Researchers directly measure quantum distance for the first time
Researchers at Yonsei University in South Korea have directly measured the quantum distance in a solid material, black phosphorus, for the first time, which has significant implications for quantum physics and the development of new technologies.
Quantum metric measurement
The quantum metric is a measure that helps determine electronic properties in solid-state materials, such as transport behaviour.

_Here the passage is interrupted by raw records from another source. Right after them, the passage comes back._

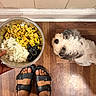 dog, puppy, pet, fluffy, white_fur, black_fur, looking_up, food, rice, beans, bowl, metal_bowl, indoor, wooden_floor, tile, kitchen, sandals, feet, overhead_view, dinner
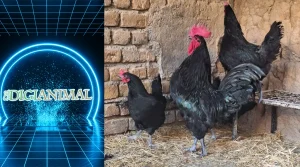 نژاد استرالوپ؛ رکورددار تخم‌گذاری جهان و غول مهربان سیاه | دیجی حیوانات
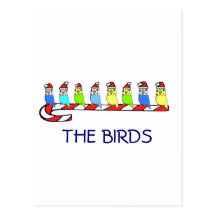 8 Budgies Postkarte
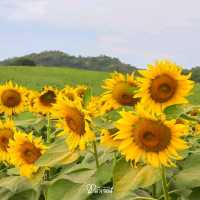 หนาวนี้ไปเที่ยวเขาใหญ่ ต้องแวะชมทานตะวันที่ไร่มณีศร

While it has previously been measured in artificial systems, obtaining this quantity in real solids has proven to be a considerable challenge, until now.

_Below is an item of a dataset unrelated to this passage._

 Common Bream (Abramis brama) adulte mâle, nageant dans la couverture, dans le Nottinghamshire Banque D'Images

The Yonsei University team, in collaboration with researchers from the USA and led by Keun Su Kim, Underwood Distinguished Professor of Physics and Director of the Centre for Bandstructure Engineering at Yonsei University, has reported the first experimental measurement of the quantum distance in black phosphorus. Their findings have been published in the journal Science.

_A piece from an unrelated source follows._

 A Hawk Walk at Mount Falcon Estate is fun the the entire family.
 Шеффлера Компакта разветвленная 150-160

The research brought together an experimental group from Yonsei University, including Yoonah Chung and Soobin Park, and a theory group from Seoul National University led by Professor Bohm-Jung Yang, with Sunje Kim and Yuting Qian.
Black phosphorus as a research candidate
Black phosphorus was selected by the theory group as an ideal material for investigating the quantum distance of electrons due to its structural simplicity. Using guidance from the theory team, the experimental group employed photoemission measurements, specifically, the angle-resolved photoemission spectroscopy technique and synchrotron radiation via the Advanced Light Source in the USA, to study black phosphorus.
"The theory group found that one of the elemental layered crystals, black phosphorus, is an ideal material to study the quantum distance of electrons owing to its structural simplicity. Based on this input, the experimental group measured the quantum distance of electrons in black phosphorus using the momentum space distribution of the pseudospin texture of the valence band from the polarization dependence of angle-resolved photoemission spectroscopy technique and synchrotron radiation via Advanced Light Source in the USA."
Implications for quantum science
The quantum distance measures the similarity between two quantum states. A distance of one means the states are the same, while a distance of zero means they are completely opposite. The concept has been present in theoretical physics for some time, but its experimental measurement in real materials has been a continuing target for researchers.
By successfully measuring the full quantum metric tensors of Bloch electrons in black phosphorus, the research has established a precedent for direct measurement in other solid-state systems. Prof. Kim highlighted the broader impact of this achievement, stating:
"Measuring the quantum distance is fundamentally important not only to understand anomalous quantum phenomena in solids, including special ones such as superconductors, but also to advance our quantum science and technologies. As an example, a precise measure of quantum distances would help develop fault-tolerant quantum computation technologies."
Advancements in technology
Understanding material behaviour at the quantum mechanical level is regarded as a critical foundation for advances in multiple fields. Measurement of the quantum distance enables comprehensive exploration of complex phenomena in solids and underpins progress in semiconductor technology, the development of higher transition-temperature superconductors, and quantum computing.
The methodologies demonstrated by the Yonsei University team are expected to inform future investigations of quantum geometric responses in a wide range of crystalline materials.
The study's outcomes are expected to contribute knowledge crucial for the development of advanced superconductors, next-generation semiconductors, and quantum computers that can surpass conventional technologies in reliability and power.